Brief descriptive captions
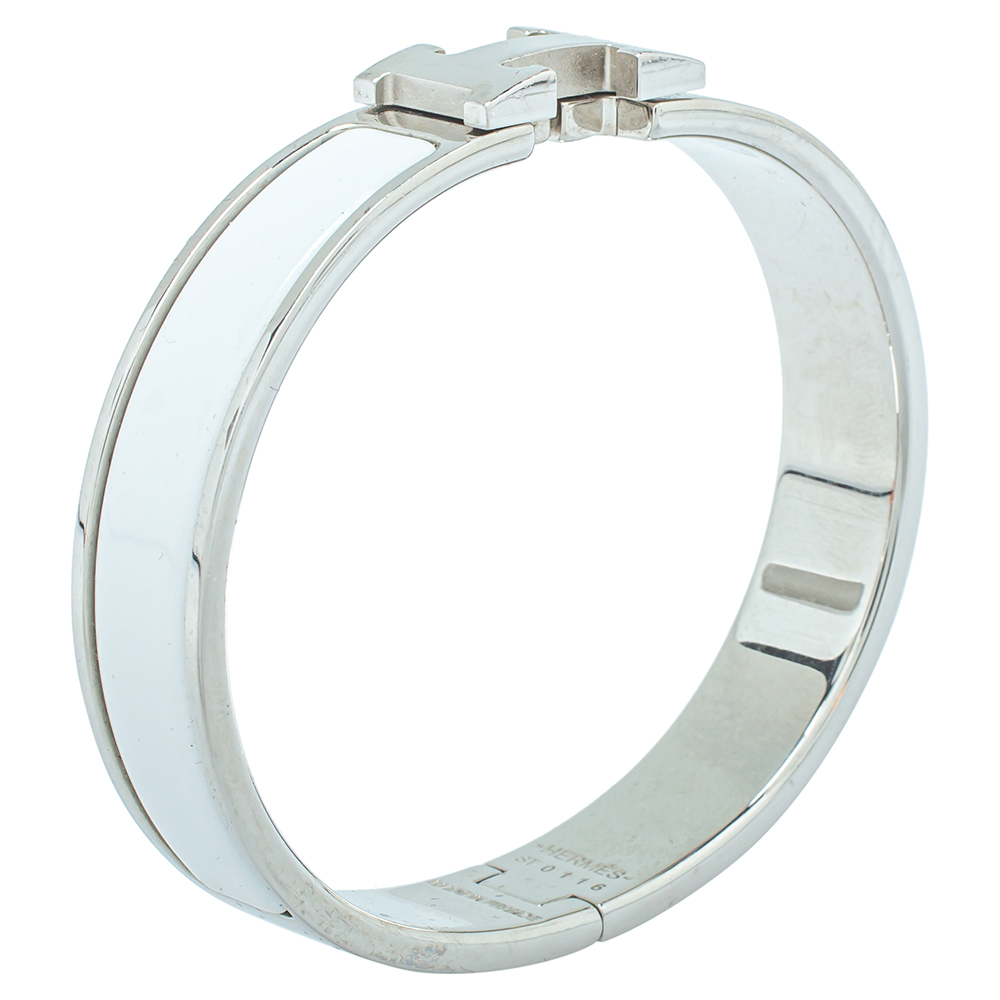 

Herm÷s Clic H Blanc Enamel Palladium Plated Narrow Bracelet PM, White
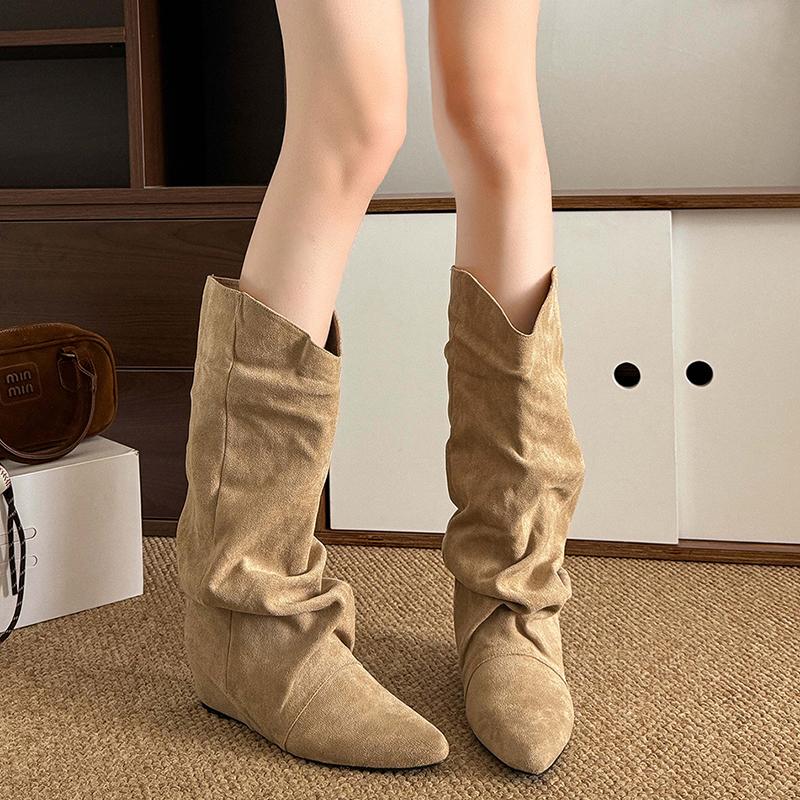 Fashion Khaki Faux Suede Mid Calf Boots for Women 2025 Fashion Pointed Toe Pleated Western Boots Woman Slip On Autumn Winter Booties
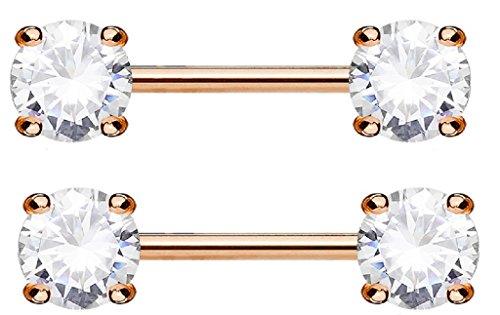 Body Accentz Nipple Ring Bars Surgical Steel Nipple Bar with Large 1/4'' CZ's 9/16'' bar (Rose Goldtone)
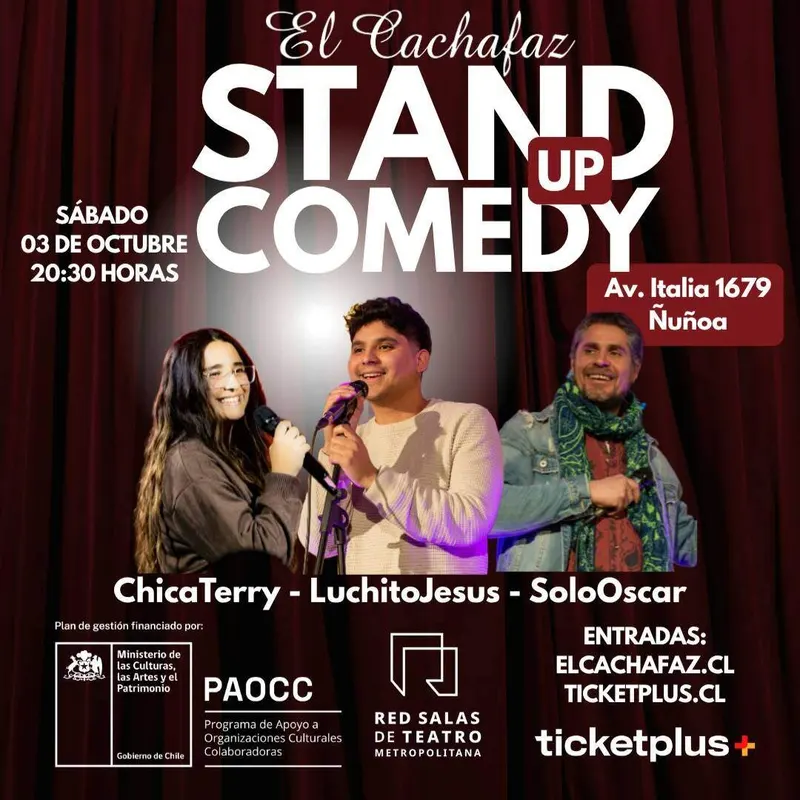 Noche de comedia y stand up en el Teatro Cachafaz - Arte y Cultura en Vitacura
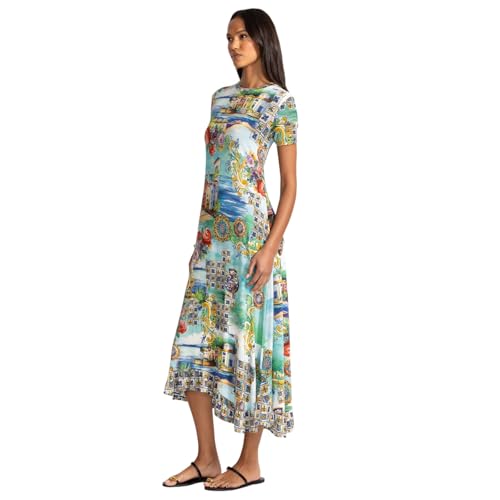 Johnny Was Janie Favorite Christy Asymmetric Hem Short Sleeve Dress Floral Green Blue New2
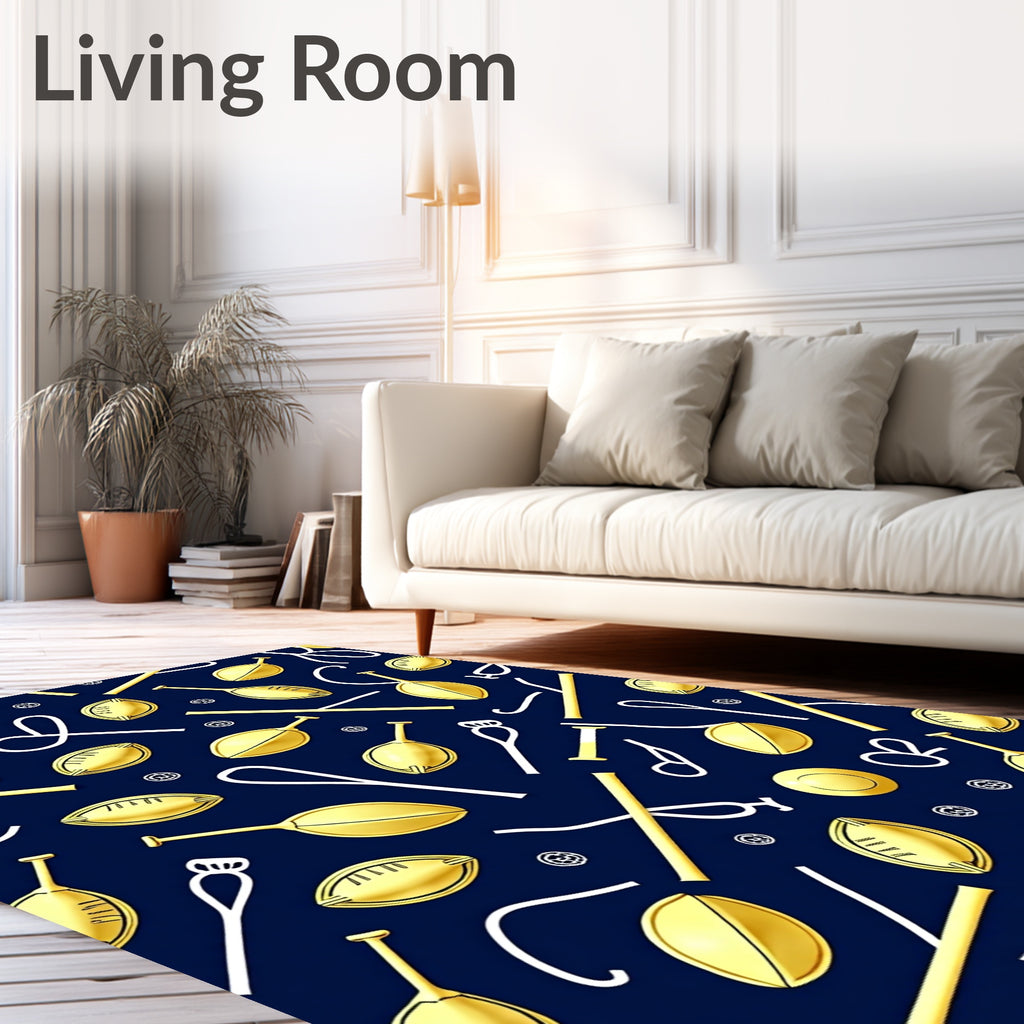 Golden Oval Shapes on Navy Background Rug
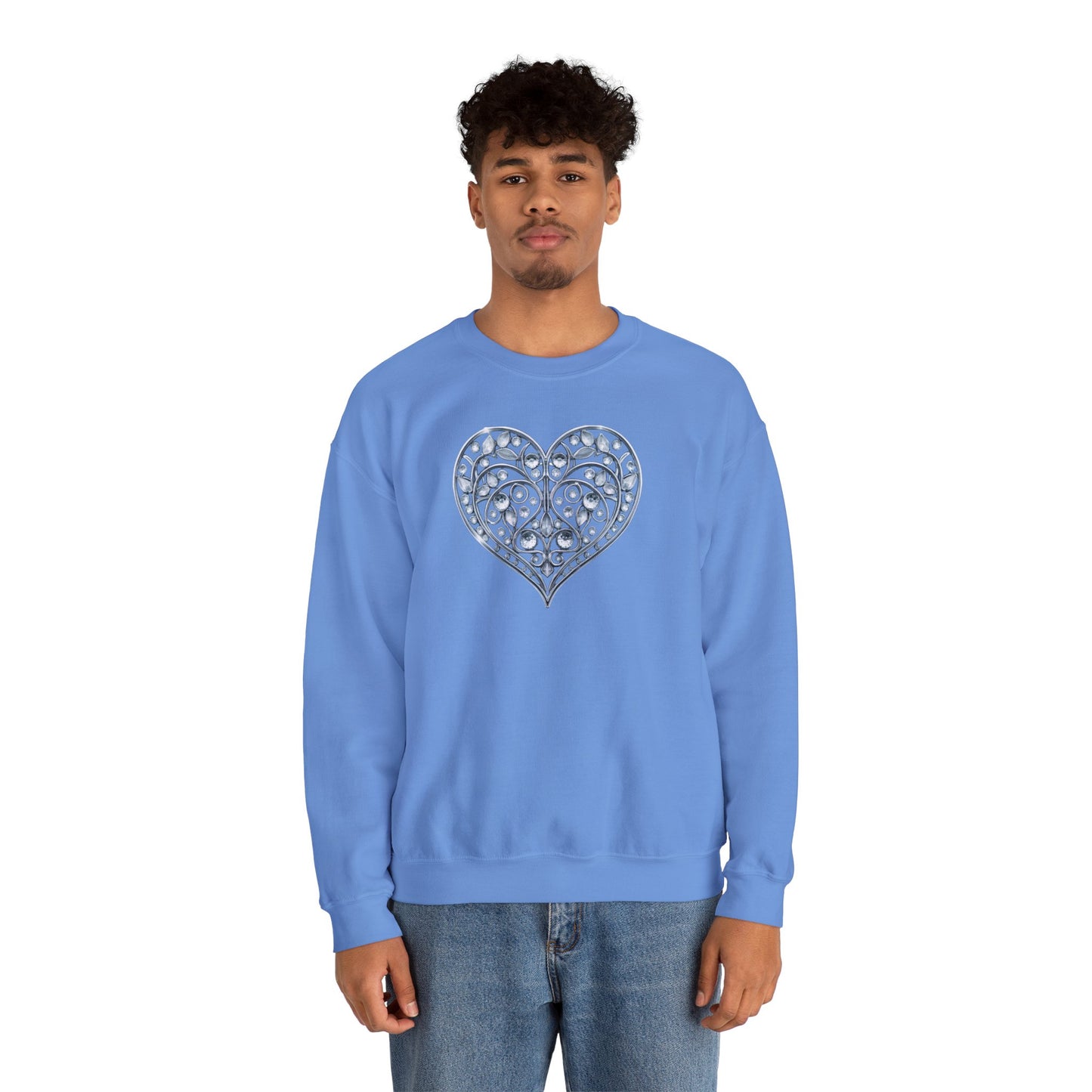 Big Crystal Heart Sweatshirt Unisex Fifty Fifty Cotton Poly Crewneck Valentines Day Sweatshirt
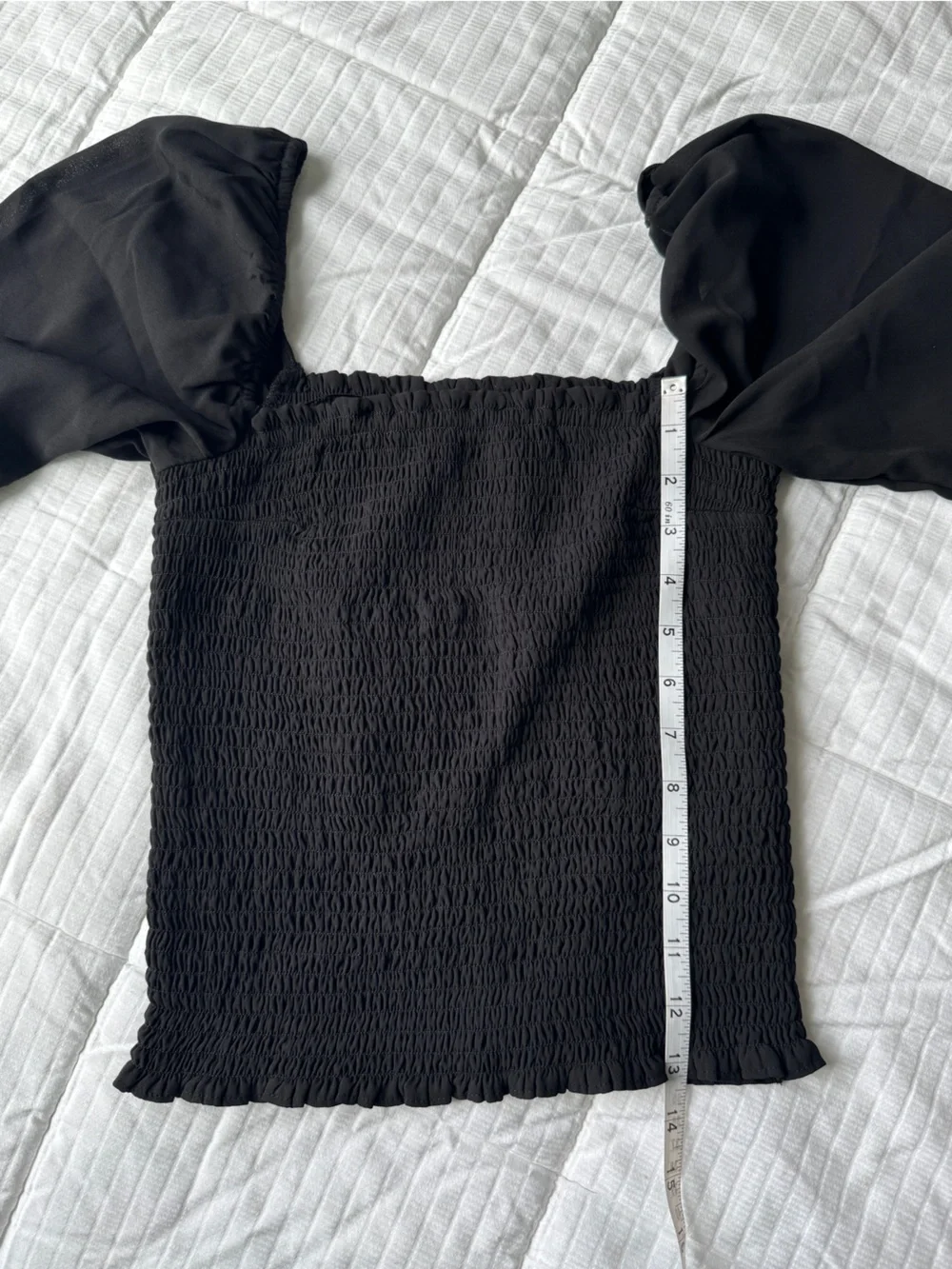 Abercrombie & Fitch black smocked puff sleeve blouse size S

INSTRUCTIONS FOR THE TASK: Repeat the data above in full and exactly. Omit every image.

RESPONSE FOR THIS EXERCISE:
Herm÷s Clic H Blanc Enamel Palladium Plated Narrow Bracelet PM, White
 Fashion Khaki Faux Suede Mid Calf Boots for Women 2025 Fashion Pointed Toe Pleated Western Boots Woman Slip On Autumn Winter Booties
 Body Accentz Nipple Ring Bars Surgical Steel Nipple Bar with Large 1/4'' CZ's 9/16'' bar (Rose Goldtone)
 Noche de comedia y stand up en el Teatro Cachafaz - Arte y Cultura en Vitacura
 Johnny Was Janie Favorite Christy Asymmetric Hem Short Sleeve Dress Floral Green Blue New2
 Golden Oval Shapes on Navy Background Rug
 Big Crystal Heart Sweatshirt Unisex Fifty Fifty Cotton Poly Crewneck Valentines Day Sweatshirt
 Abercrombie & Fitch black smocked puff sleeve blouse size S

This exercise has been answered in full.